**** GIVEN DATA

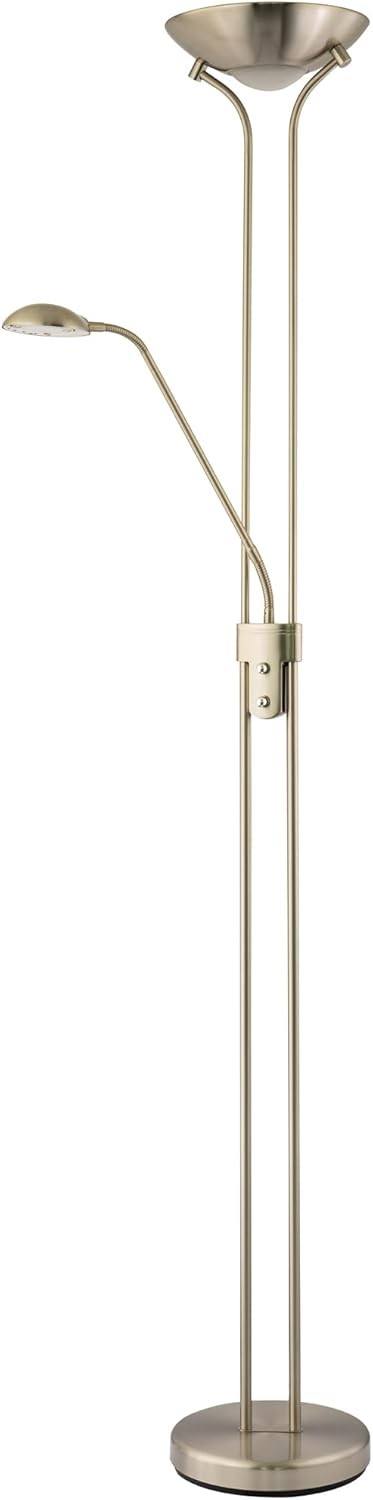 Satin Nickel Mother Child Floor Lamp Dimmable LED Reading Light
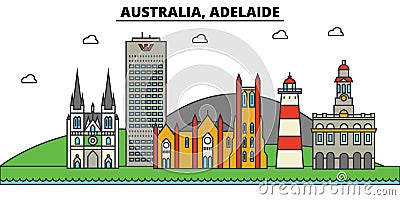 Australia, Adelaide. City skyline architecture . Editable Vector Illustration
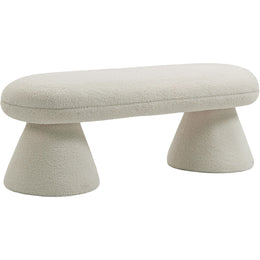 Meridian Drum Beige Faux Shearling Teddy Fabric Bench
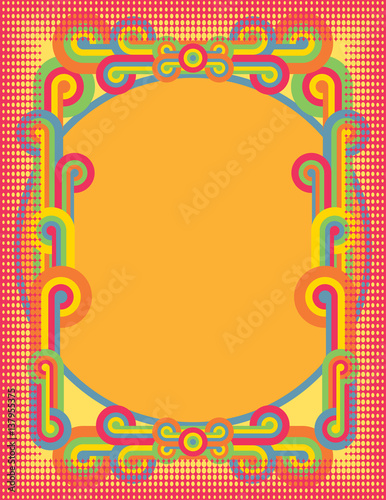 Pop Art Circles Frame in Bright Colors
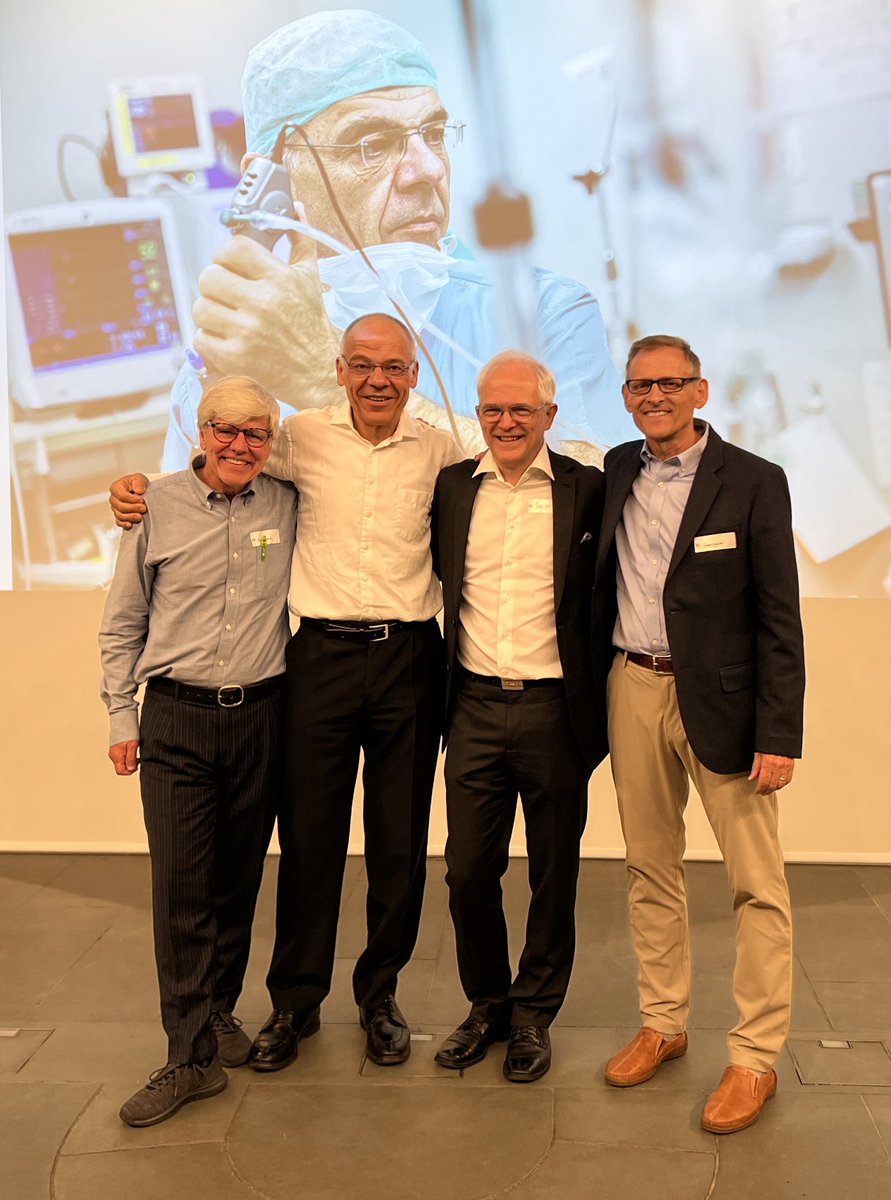 UofU_Anes_Chair's tweet photo. Great fun to reunite with @stanfordanes colleagues Drs. Steve Shafer, Thomas Schnider, and Charles Minto at a conference honoring Thomas’ career. TWS made many important contributions to TIVA! #anesthesia #propofol https://t.co/d6Yffk1Ck0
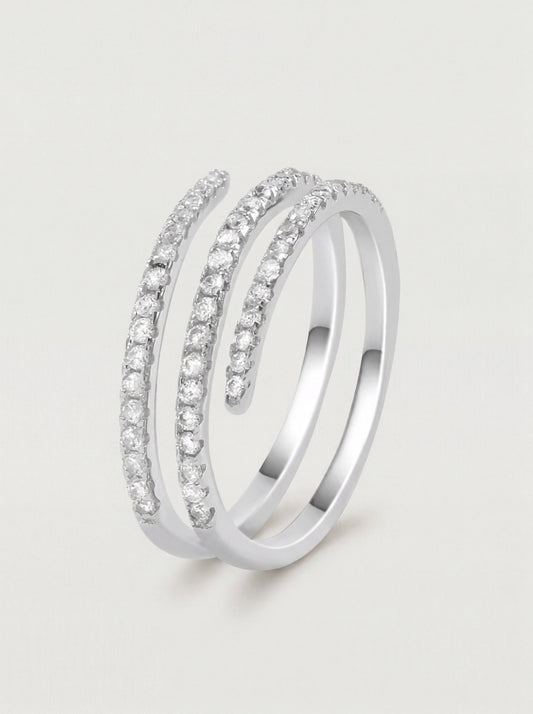 Triple Zirconia Ring Silver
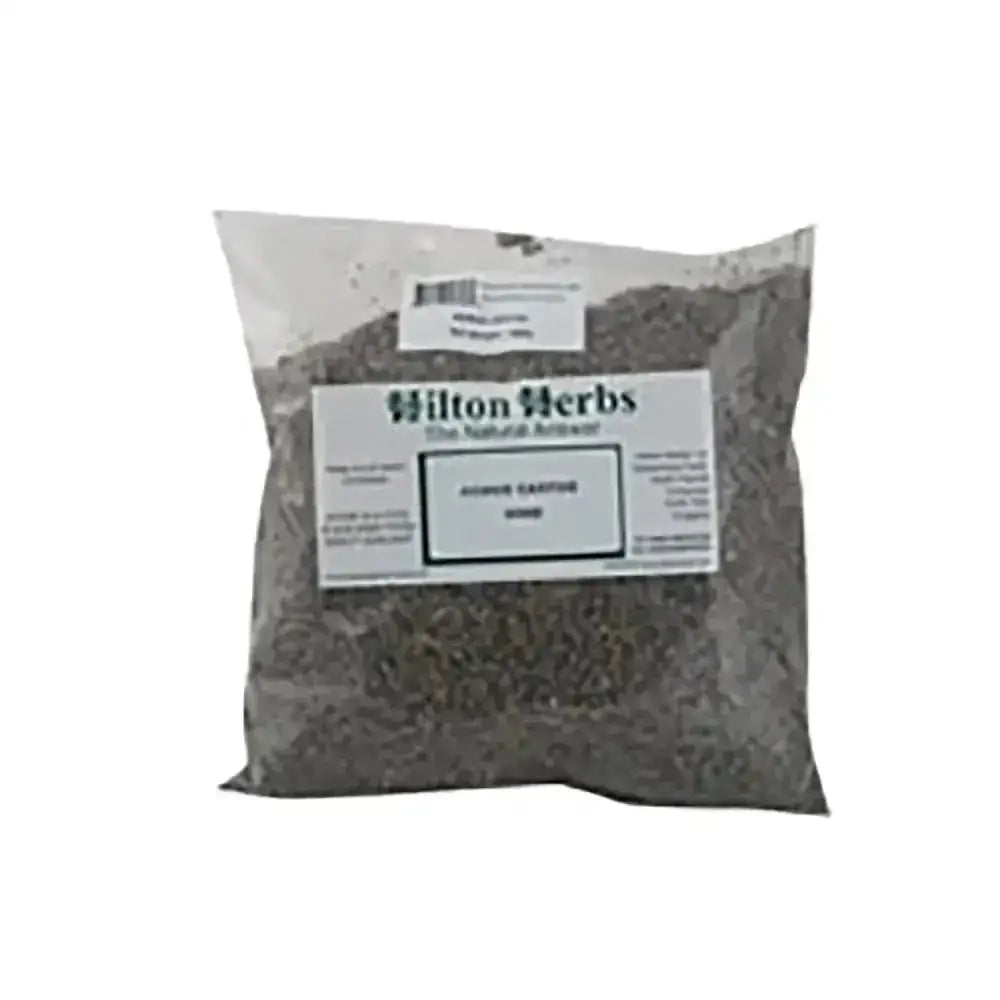 A clear plastic bag of 4 oz dried agnus castus herbs also known as monk’s pepper by hilton herbs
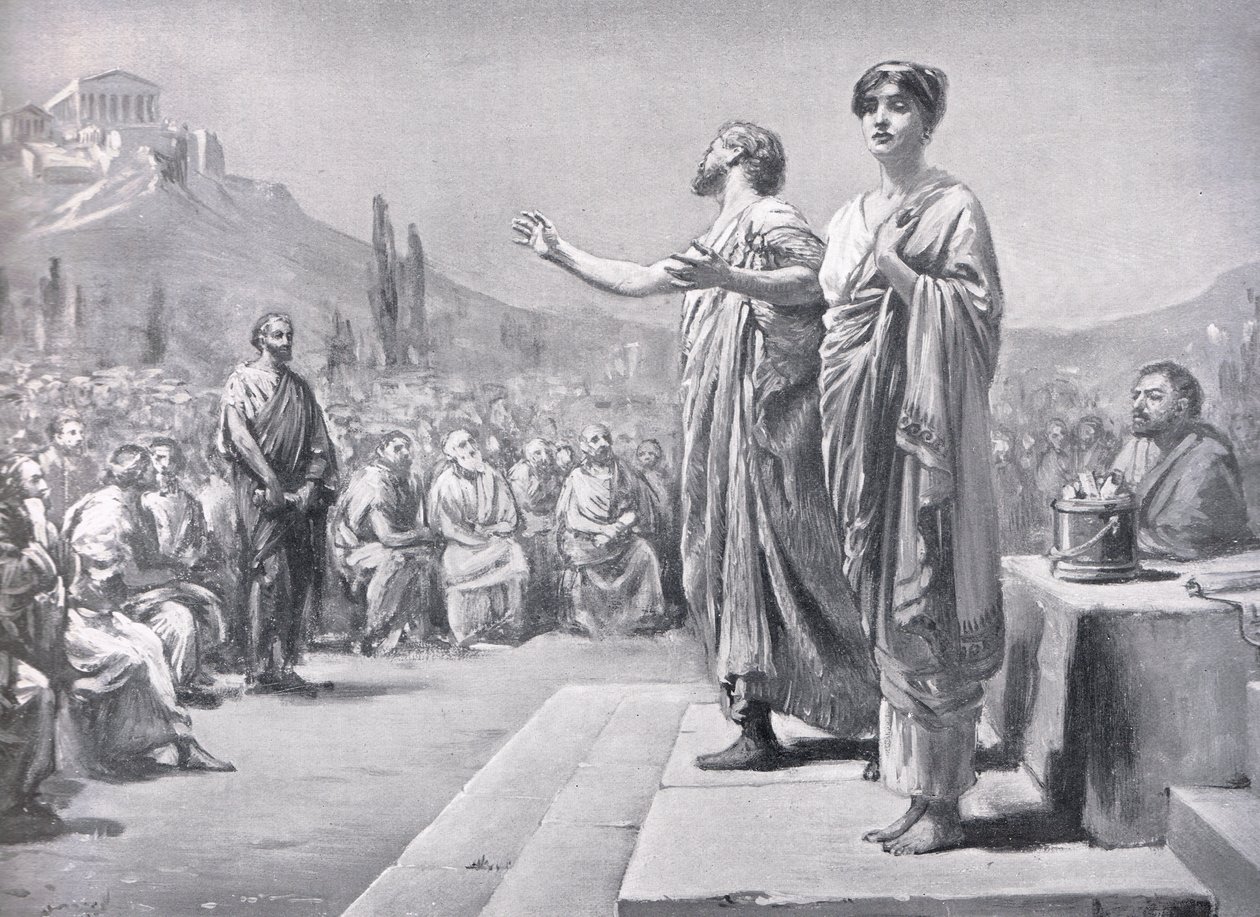 Pericles pleit voor Aspasia, illustratie uit 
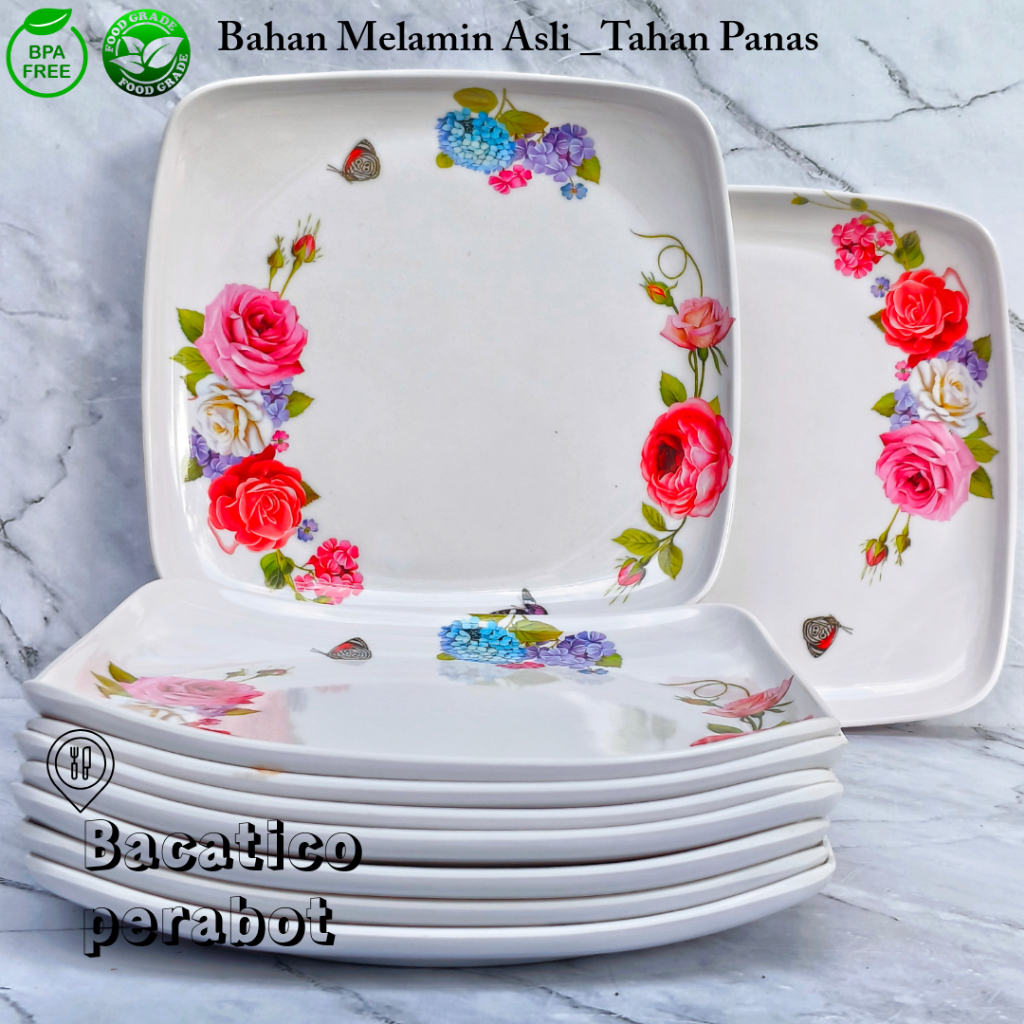 6 Pcs Piring Kotak Melamin Asli 10Inch Tebal Motif Kupu-Kupu Piring Teplek Prasmanan Set Tahan Panas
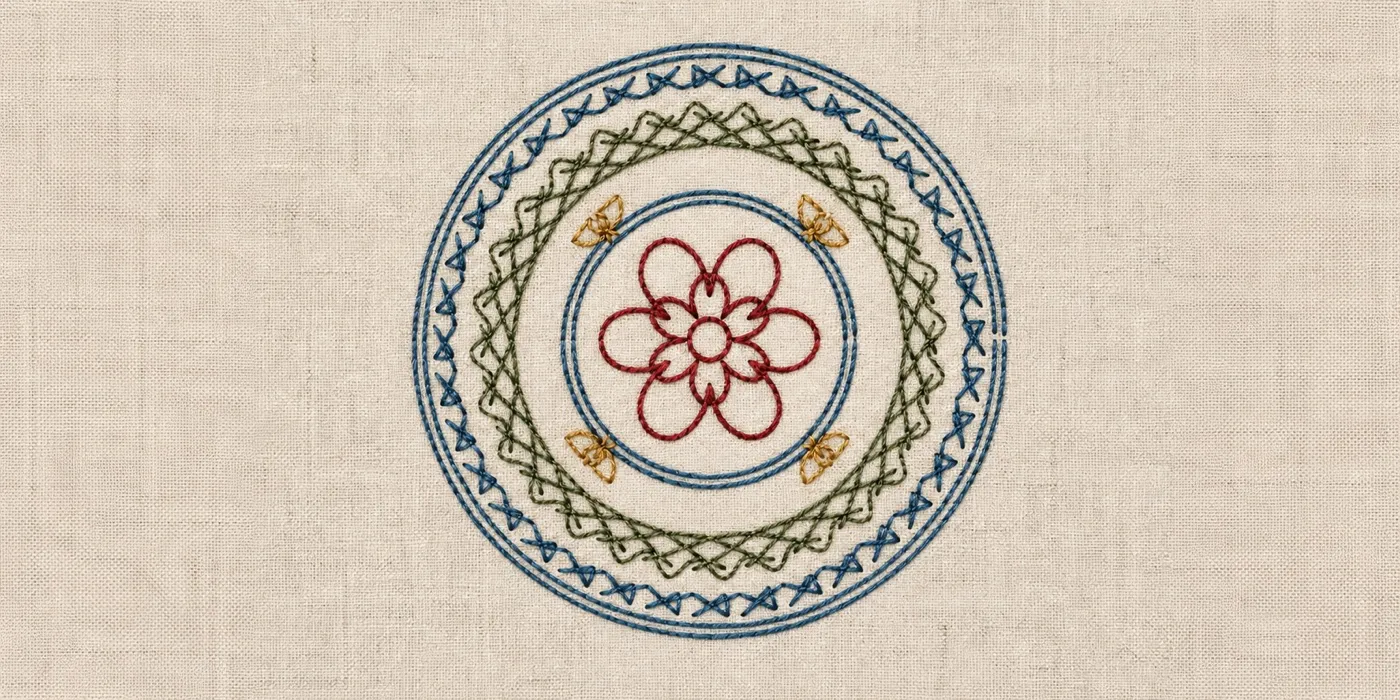 Illustrative four-colour floral embroidery on ivory linen; upload a file for its actual stitch preview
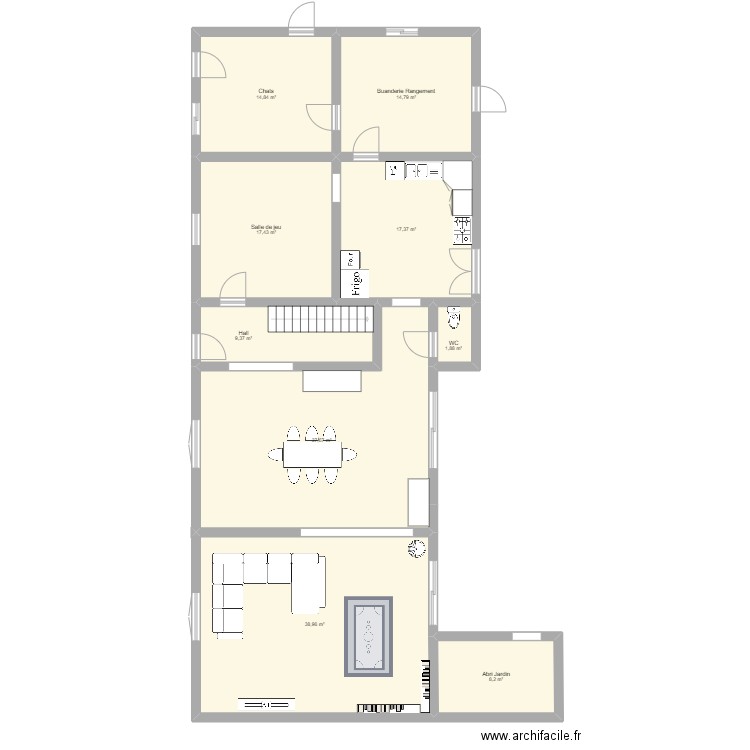 Courtijat - RC - Projet 4. Plan de 9 pièces et 161 m2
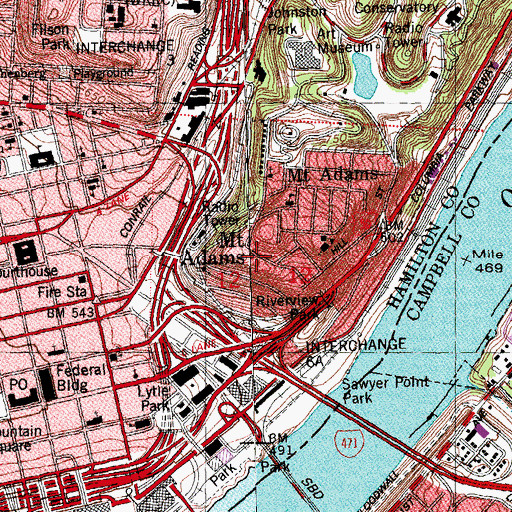 Topographic Map of Mount Adams Church of Christ, OH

********

> **TASK TO COMPLETE**: With all pictures omitted, return exactly the lines from the one containing "Illustrative four-colour floral" through the end of the entries above.

> **YOUR SOLUTION**:
 Illustrative four-colour floral embroidery on ivory linen; upload a file for its actual stitch preview
 Courtijat - RC - Projet 4. Plan de 9 pièces et 161 m2
 Topographic Map of Mount Adams Church of Christ, OH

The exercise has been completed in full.